▸ **PROMPT**
All of the data below should come back exactly as written, minus its images.

▸ **INFORMATION SHOWN**
──────────

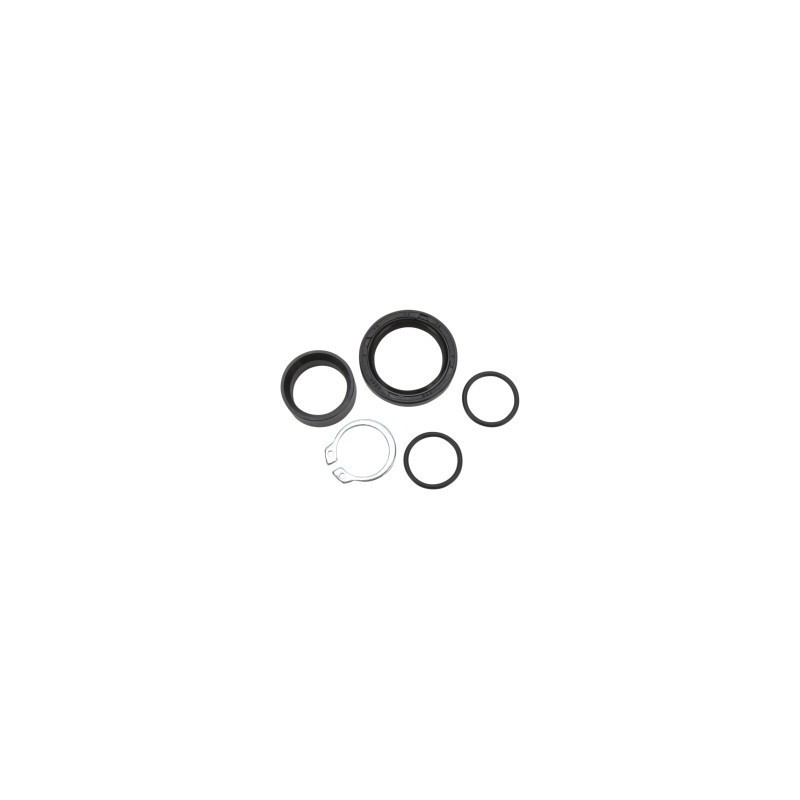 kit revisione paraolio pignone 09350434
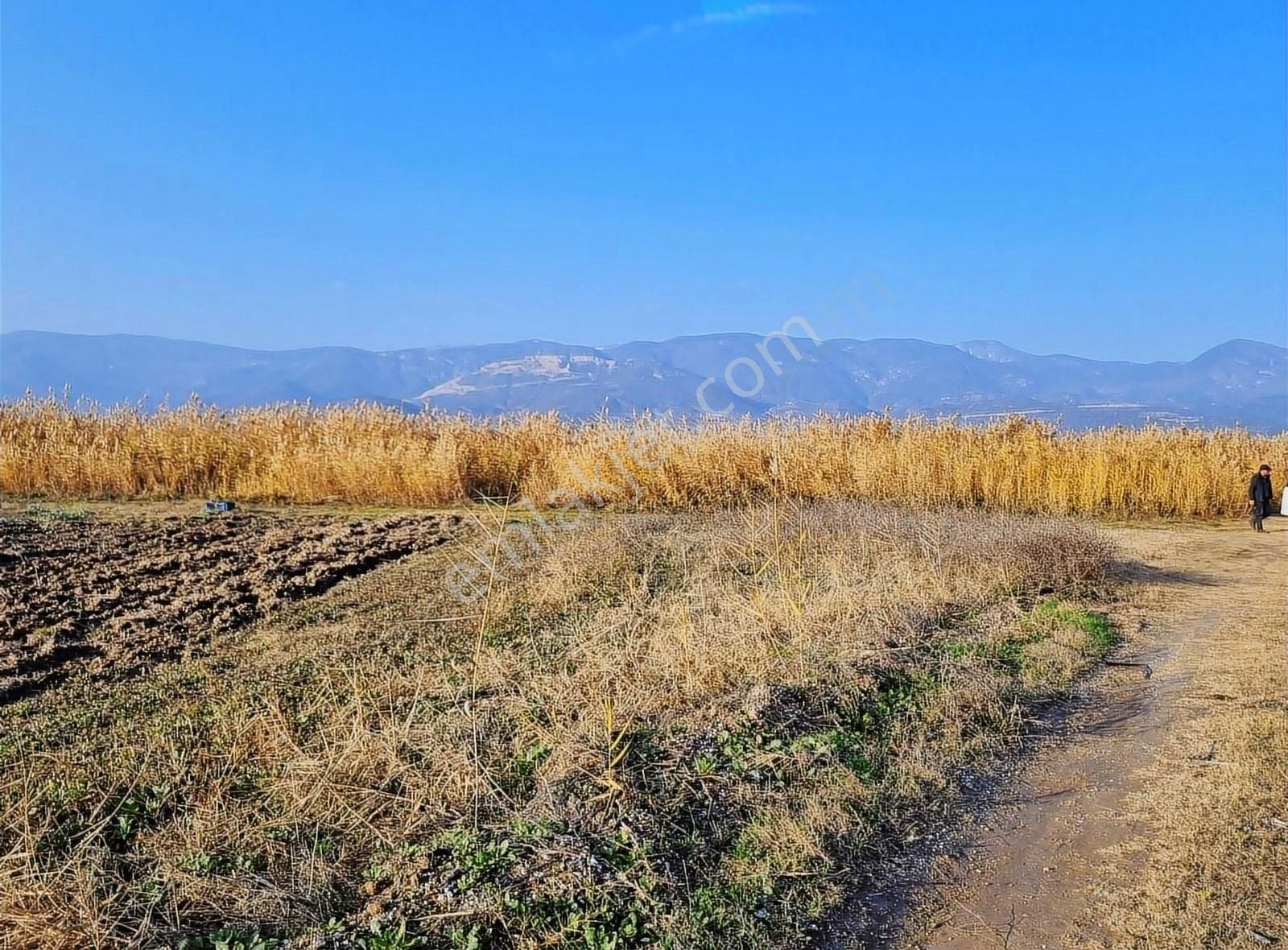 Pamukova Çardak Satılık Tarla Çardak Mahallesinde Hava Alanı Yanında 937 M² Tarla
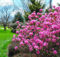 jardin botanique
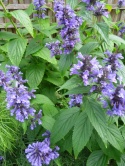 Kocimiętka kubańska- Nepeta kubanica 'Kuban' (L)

──────────

▸ **PROBLEM SOLUTION**
 kit revisione paraolio pignone 09350434
 Pamukova Çardak Satılık Tarla Çardak Mahallesinde Hava Alanı Yanında 937 M² Tarla
 jardin botanique
 Kocimiętka kubańska- Nepeta kubanica 'Kuban' (L)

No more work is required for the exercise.